I received my bachelor’s degree in Computer Science from IIT Kharagpur, supported by the Aditya Birla Scholarship (2015–19). At IIT Kharagpur, I spent most of my time building autonomous driving systems in the Autonomous Ground Vehicle Lab with Prof. Debashis Chakravarty, leading perception and planning efforts (lane detection, Frenet planning, Hybrid A* planning, and segmentation). I also completed my bachelor’s thesis on safe reinforcement learning with Prof. Pabitra Mitra. Outside of research, I enjoy tennis, badminton, skiing, running, hiking, and traveling.
News
- 01/27/2026: RLDP, a new approach to unsupervised RL was accepted at ICLR 2026.
- 09/18/2025: RLZero, zero-shot approach for prompt to policy was accepted at NeurIPS 2025.
- 05/09/2025: Fast Adaptation with Behavioral Foundation Models, work from FAIR internship, accepted at RLC 2025.
- 05/02/2025: Proto Successor Measure (Unsupervised RL) accepted at ICML 2025.
- 04/11/2025: CRESTE: Scalable Mapless Navigation with Internet Scale Priors and Counterfactual Guidance accepted at RSS 2025.
- 01/22/2025: Iterative Dual RL accepted at ICLR 2025.
- 08/01/2024: Research Intern at Meta FAIR, Paris working on Unsupervised RL
- 09/25/2024: Our Scaling laws study of Direct Alignment Algorithms for RLHF is accepted at NeurIPS 2024.
- 09/04/2024: DILO is accepted at CoRL 2024.
- 01/16/2024: Dual-RL, CPL and SMoRe accepted in ICLR 2024.
- 05/01/2023: I'll be starting as a research intern at Meta AI research working on RL.
- 02/16/2023: Our recent work on Dual RL is now public. Check it our for SOTA algos in RL and IL .

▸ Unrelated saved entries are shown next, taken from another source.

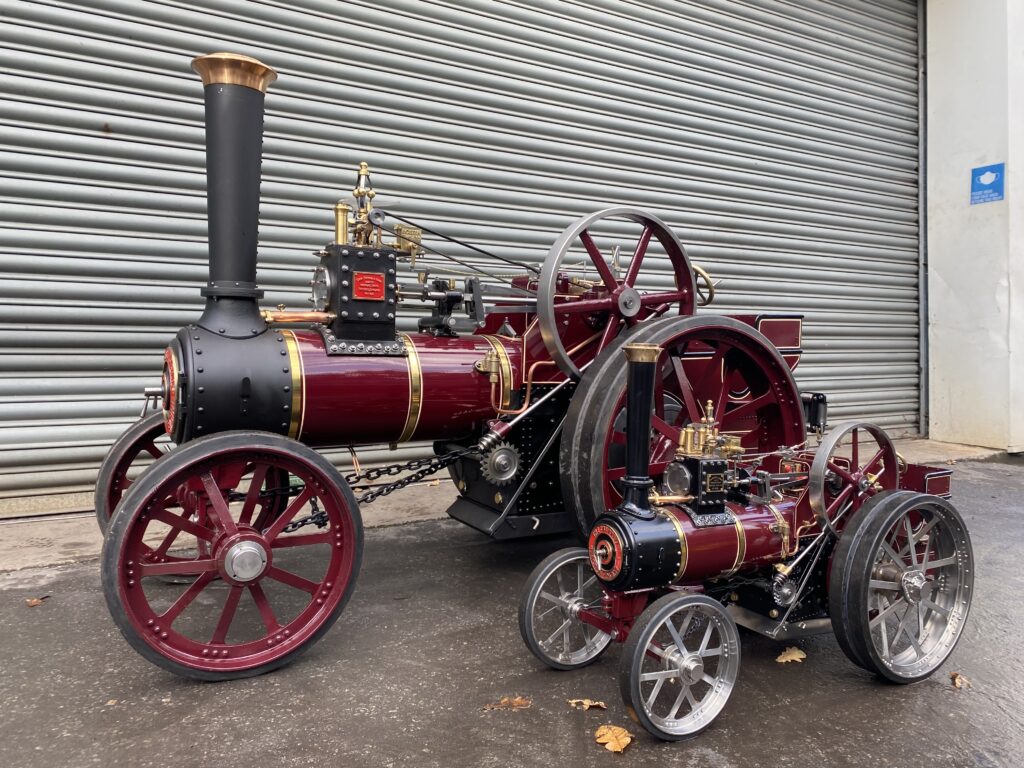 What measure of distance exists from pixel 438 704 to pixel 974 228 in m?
8.25

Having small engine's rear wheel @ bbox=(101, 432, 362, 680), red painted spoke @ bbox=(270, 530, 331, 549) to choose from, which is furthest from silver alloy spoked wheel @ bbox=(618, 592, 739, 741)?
red painted spoke @ bbox=(270, 530, 331, 549)

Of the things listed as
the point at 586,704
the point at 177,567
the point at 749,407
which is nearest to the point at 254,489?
the point at 177,567

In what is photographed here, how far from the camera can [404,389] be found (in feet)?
11.2

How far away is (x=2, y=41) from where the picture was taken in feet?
15.0

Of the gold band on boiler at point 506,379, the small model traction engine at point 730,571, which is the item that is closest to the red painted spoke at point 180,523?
the small model traction engine at point 730,571

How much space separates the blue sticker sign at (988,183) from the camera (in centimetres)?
786

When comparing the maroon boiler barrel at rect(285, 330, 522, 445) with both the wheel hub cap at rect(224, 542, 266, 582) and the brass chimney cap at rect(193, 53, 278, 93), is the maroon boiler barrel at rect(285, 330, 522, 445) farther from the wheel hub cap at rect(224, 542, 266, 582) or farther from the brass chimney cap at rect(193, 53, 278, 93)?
the brass chimney cap at rect(193, 53, 278, 93)

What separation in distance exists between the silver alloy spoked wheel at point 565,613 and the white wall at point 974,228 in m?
7.06

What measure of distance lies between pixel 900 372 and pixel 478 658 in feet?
24.6

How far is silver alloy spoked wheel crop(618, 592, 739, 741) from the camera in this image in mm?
2264

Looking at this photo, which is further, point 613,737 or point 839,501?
point 839,501

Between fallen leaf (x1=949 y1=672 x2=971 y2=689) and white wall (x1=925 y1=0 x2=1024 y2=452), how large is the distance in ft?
20.7

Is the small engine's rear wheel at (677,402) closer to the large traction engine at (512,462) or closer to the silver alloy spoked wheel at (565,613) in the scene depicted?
the large traction engine at (512,462)

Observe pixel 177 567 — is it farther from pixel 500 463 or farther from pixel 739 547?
pixel 739 547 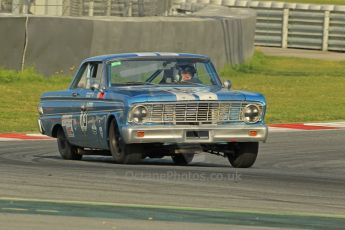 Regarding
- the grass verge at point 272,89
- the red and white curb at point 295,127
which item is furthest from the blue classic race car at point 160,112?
the grass verge at point 272,89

- 01/09/2023: rank-game (Unified approach to learning from preferences and imitations) was featured in the Microsoft Research Blog.
- 10/23/2022: Our work FlowPlan awarded best paper at IROS BADUE 2022.
- 03/10/2022: I'll be starting as a research intern at NVIDIA research working on reinforcement learning.
- 11/07/2021: Our work on model-based RL LOOP nominated for Best Paper at CoRL 2021.